Iterating over xexpressions and broadcasting Iterators

All xexpressions offer two sets of functions to retrieve iterator pairs (and
their const counterpart).

• begin() and end() provide instances of xiterators which can be used to
  iterate over all the elements of the expression. The order in which
  elements are listed is row-major in that the index of last dimension is
  incremented first.
• begin(shape) and end(shape) are similar but take a broadcasting shape
  as an argument. Elements are iterated upon in a row-major way, but certain
  dimensions are repeated to match the provided shape as per the rules
  described above. For an expression e, e.begin(e.shape()) and e.begin()
  are equivalent.

Runtime vs compile-time dimensionality

Two container classes implementing multi-dimensional arrays are provided:
xarray and xtensor.

• xarray can be reshaped dynamically to any number of dimensions. It is the
  container that is the most similar to NumPy arrays.
• xtensor has a dimension set at compilation time, which enables many
  optimizations. For example, shapes and strides of xtensor instances are
  allocated on the stack instead of the heap.

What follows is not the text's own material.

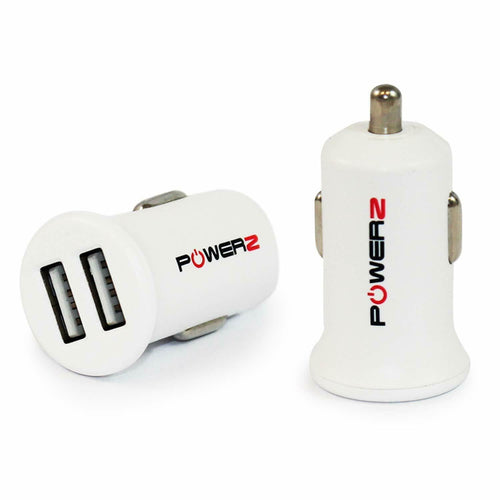 Powerz 2.4Amp Dual USB Port Car Charger in white, featuring fast charging capability and sleek design.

xarray and xtensor container are both xexpressions and can be involved
and mixed in universal functions, assigned to each other etc...

Besides, two access operators are provided:

• The variadic template operator() which can take multiple integral
  arguments or none.
• And the operator[] which takes a single multi-index argument, which can be
  of size determined at runtime. operator[] also supports access with braced
  initializers.

Performances

Xtensor operations make use of SIMD acceleration depending on what instruction
sets are available on the platform at hand (SSE, AVX, AVX512, Neon).

The xsimd project underlies the
detection of the available instruction sets, and provides generic high-level
wrappers and memory allocators for client libraries such as xtensor.

Continuous benchmarking

Xtensor operations are continuously benchmarked, and are significantly improved
at each new version. Current performances on statically dimensioned tensors
match those of the Eigen library. Dynamically dimension tensors for which the
shape is heap allocated come at a small additional cost.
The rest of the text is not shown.